→ **Data shown**
_____
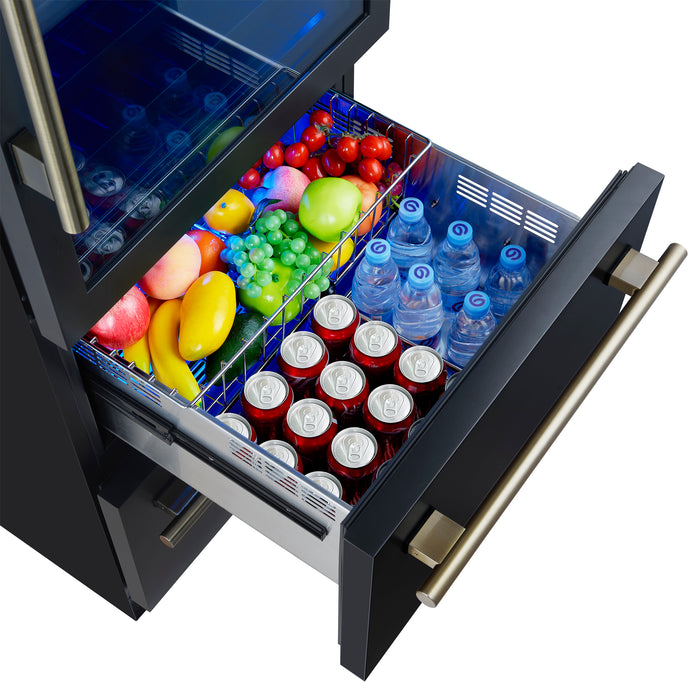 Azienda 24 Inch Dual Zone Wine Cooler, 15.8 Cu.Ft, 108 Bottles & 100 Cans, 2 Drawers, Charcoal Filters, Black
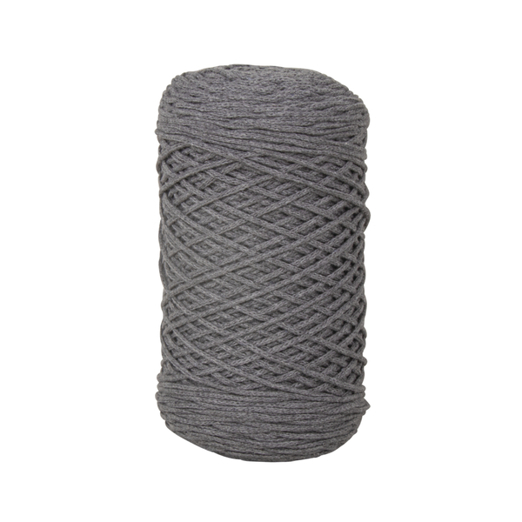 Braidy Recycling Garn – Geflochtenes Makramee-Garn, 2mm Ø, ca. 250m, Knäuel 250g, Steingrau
_____
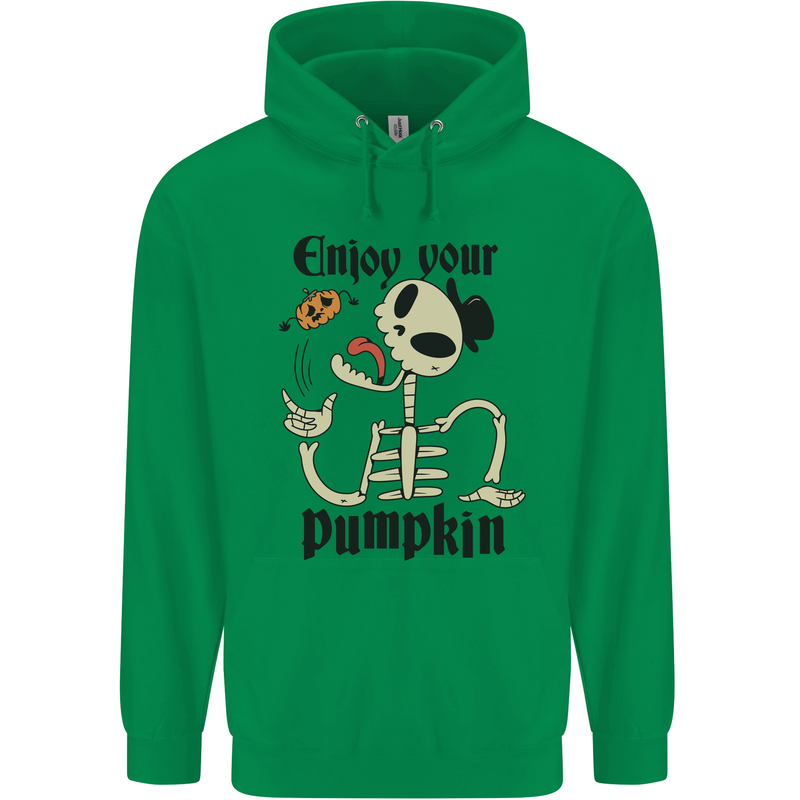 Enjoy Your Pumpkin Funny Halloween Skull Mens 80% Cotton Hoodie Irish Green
_____
→ **Requirement**
Could you repeat, exactly, only the lines above starting at the one that has "Azienda 24 Inch" and stopping after the one that has "Braidy Recycling Garn", without the pictures?

→ **Exercise response**
 Azienda 24 Inch Dual Zone Wine Cooler, 15.8 Cu.Ft, 108 Bottles & 100 Cans, 2 Drawers, Charcoal Filters, Black
 Braidy Recycling Garn – Geflochtenes Makramee-Garn, 2mm Ø, ca. 250m, Knäuel 250g, Steingrau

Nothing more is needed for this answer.